Stando a quanto scritto nel Documento di economia e finanza, nel 2021 il costo di finanziamento del debito pubblico è stimato al 3,5% del Pil in termini di spesa per interessi. La previsione è di una riduzione fino al 3% nella scadenza del 2025.

Logicamente, se la fiammata dello spread si tradurrà in un aumento più consistente e duraturo, la più alta spesa per pagare gli interessi andrà a impattare sul deficit e, quindi, sulla sostenibilità del debito pubblico.

Il rendimento del Btp decennale italiano è salito al 3,134%, come non accadeva dal 2018, toccando il record del 3,160% nel pomeriggio del 6 maggio.

Il balzo è stato guidato da una serie di fattori esterni, piuttosto che da eventi nazionali, cioè legati alla specifica situazione economica italiana. Dopo le mosse aggressive di rialzi dei tassi da Fed e BoE, oltre ad altre banche centrali in tutto il mondo, come Brasile e Austria, la Bce è pressata affinché intervenga già a luglio con un aumento del costo finanziamento sopra lo zero.

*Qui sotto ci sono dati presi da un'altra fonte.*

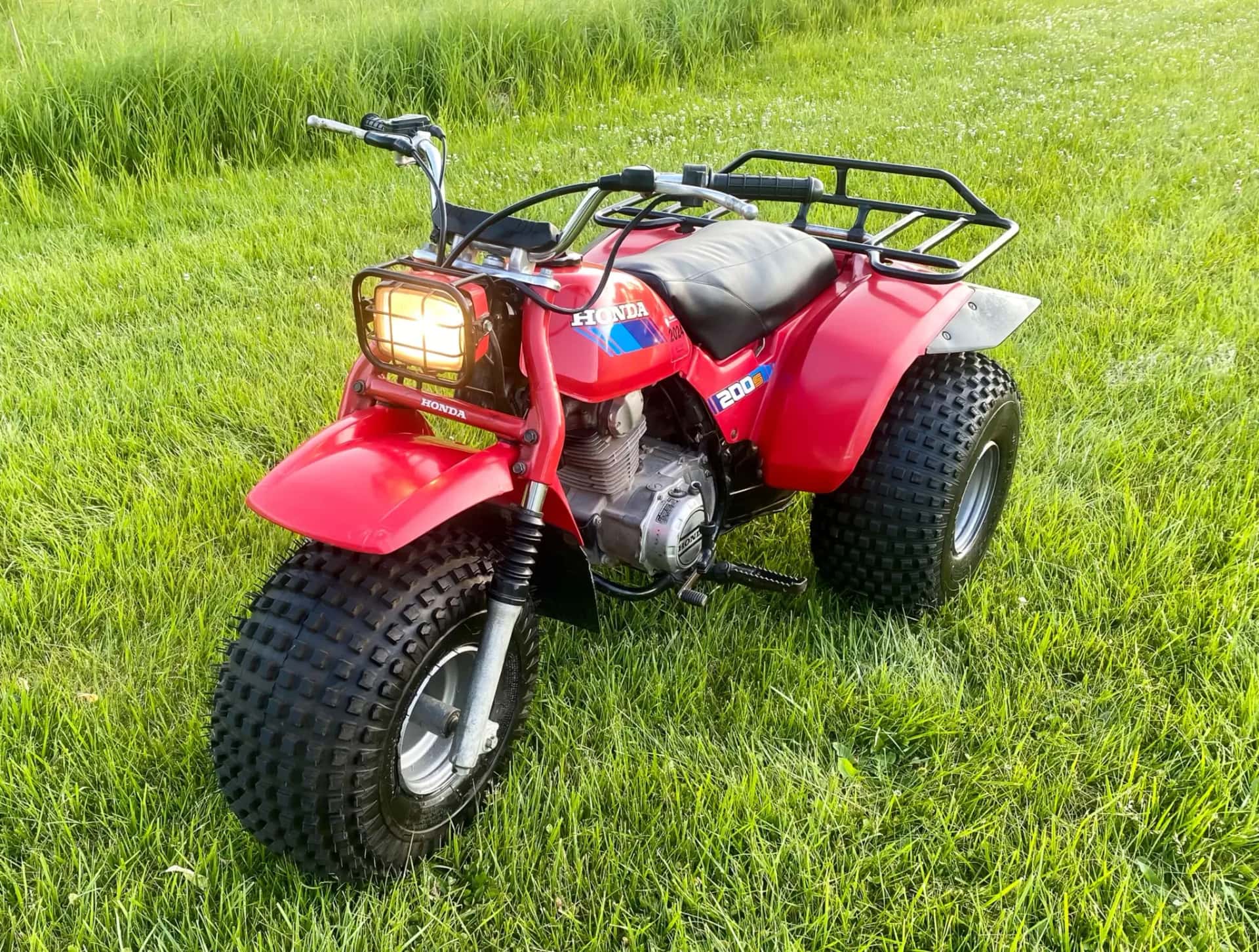 1985 Honda ATC 200S sold for $3,100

L’inflazione corre e sta mettendo in pericolo la ripresa dell’Eurozona, con la crisi energetica scatenata dalla guerra in Ucraina a esacerbare gli scenari. Anche se restano i timori di recessione, la normalizzazione della politica monetaria della Bce è iniziata e sta per concludersi il piano di acquisto del debito di emergenza.

In questa cornice, l’Italia resta in allerta. I conti pubblici potrebbero subire scosse con la politica più restrittiva da Francoforte. Anche per questo, Draghi e Franco insistono sulla necessità di evitare un nuovo scostamento, al fine di non scatenare ulteriori tensioni.

Come chiarito dall’Osservatorio dei conti pubblici presieduto da Cottarelli:

“Con un aumento di 1 punto percentuale dei tassi di interesse sui titoli di Stato, persistente e uniforme lungo la curva per scadenze, la spesa per interessi crescerebbe di 3 miliardi nei successivi 12 mesi (e di 39,4 miliardi nei successivi 5 anni). Nel primo anno, la spesa aumenta di 2 miliardi per il rinnovo dei titoli in scadenza, e di 1 miliardo per le nuove emissioni per coprire il deficit previsto secondo i piani correnti.”

Un caso Italia ancora non c’è, ma lo spread resta in stretta osservazione.